Lors de la crise constitutionnelle de 1993, les nationalistes russes manifestent leur opposition au nouveau régime démocratique. En septembre 1993, Boris Eltsine annonce la dissolution du Parlement dans le but de faire adopter une nouvelle constitution. Les parlementaires s’y opposent et des militants communistes et nationalistes armés, notamment issus d’Unité nationale russe et du Parti national-bolchevique, érigent des barricades autour du Parlement pour le protéger. Début octobre, Boris Eltsine ordonne le bombardement du Parlement. Selon les estimations officielles, les affrontements auraient fait 187 morts. À la suite de cette confrontation, le Parlement est effectivement dissous et une nouvelle constitution est adoptée. L’année suivante, les militants arrêtés bénéficient d’une amnistie et sont relâchés. Cette crise a été un moment charnière  : c’est à ce moment que se sont imposés le thème de la « menace rouge-brune » et la comparaison de la Russie des années 1990 à la République de Weimar. 

Le pouvoir de Boris Eltsine s’est toutefois maintenu malgré cette opposition. Certains nationalistes, comme ceux de l’Unité nationale russe, ont tenté de participer aux élections, mais l’enregistrement de leur parti a été refusé.

Au début des années 2000, ces organisations déclinent, laissant la place à de nouvelles structures nationalistes. Il s’agit notamment du Mouvement contre l’immigration illégale (Dviženie protiv nelegal’noj immigracii ou DPNI) créé en 2002 par deux frères, Alexandre Belov et Vladimir Basmanov. Actifs dans les années 1990, ils ont participé à la défense du Parlement en 1993, mais sans occuper de fonction de premier plan. Le DPNI signe le tournant résolument ethno-nationaliste du nationalisme russe. Les nationalistes des années 1990 s’opposaient en priorité au nouveau régime démocratique et au déclin de la puissance russe  ; désormais, ces questions sont reléguées au second plan par des critiques toujours plus virulentes de l’immigration, et plus généralement des minorités non-Russes, à commencer par celles du Caucase. Le Mouvement contre l’immigration illégale soutient que les Russes ethniques sont systématiquement désavantagés face aux minorités. 
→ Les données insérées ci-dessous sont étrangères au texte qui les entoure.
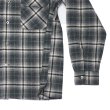 画像5: ＜30％OFF＞*A VONTADE（アボンタージ）Wool Plaid Open Color Shirt（ウールプレイドオープンカラーシャツ）/ Grey×Green（グレー×グリーン） (5)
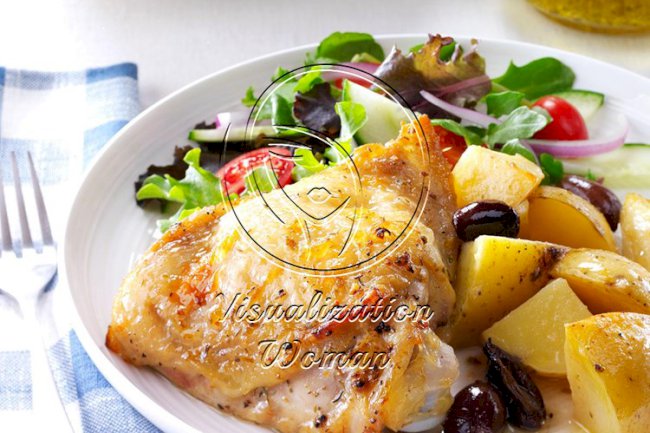 Greek-Style Lemon-Garlic Chicken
Les positions nationalistes du pouvoir de Poutine restent largement instrumentales et ponctuelles.

Rodolphe Droalin

Les analystes de la politique russe contemporaine sondent continûment les déclarations de Vladimir Poutine en quête de références à des auteurs nationalistes, monarchistes ou contre-révolutionnaires du XXe siècle, de Nikolaï Berdiaïev à Alexandre Douguine. Diriez-vous qu’il a existé à un moment donné une possible plateforme idéologique commune entre les mouvements nationalistes radicaux et le régime de Vladimir Poutine  ? 
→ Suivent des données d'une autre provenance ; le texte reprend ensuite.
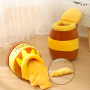 Wholesale Honey Jar Design Short Plush Cat Cave Bed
L’orientation nationaliste — ou patriotique — du gouvernement russe ne date pas de Vladimir Poutine.

Il faut plutôt remonter à la deuxième moitié des années 1990, sous Boris Eltsine. Dans le cadre de la première guerre de Tchétchénie (1994-1996) et de sa compétition avec le Parti communiste de Russie, premier parti au Parlement après les élections de décembre 1993, Eltsine multiplie les gestes en direction de l’opinion nationaliste — pensons au symbole fort qu’a été la reconstruction de la cathédrale du Christ-Sauveur de 1995 à 2000. Lors de l’élection présidentielle de 1996, en difficulté face au candidat communiste Leonid Ziouganov, Boris Eltsine obtient le soutien de personnalités du camp patriotique comme Sergueï Babourine ou le général Lebed. Il s’éloigne aussi de l’Occident, notamment sous l’impulsion d’Evgueni Primakov, ministre des Affaires étrangères de 1996 à 1998 qui réoriente la politique étrangère russe vers l’Asie et le Sud. Le gouvernement russe est déçu du manque de soutien de l’Occident pendant la guerre de Tchétchénie et s’oppose aux positions occidentales dans le cadre des guerres en ex-Yougoslavie.

Lorsque Vladimir Poutine est élu président en 2000, il se place donc davantage dans la continuité que dans la rupture. 

Son discours et son style sont en revanche plus affirmés. Il reprend certaines idées défendues par les nationalistes dans les années 1990  : regret de l’éclatement de l’empire, remise en ordre du pays, restauration de la puissance russe. Il contribue ainsi au déclin de certaines organisations nationalistes des années 1990 comme Unité nationale russe dont les militants ne voient pas l’intérêt de lutter contre un gouvernement qui s’est approprié leurs idées. 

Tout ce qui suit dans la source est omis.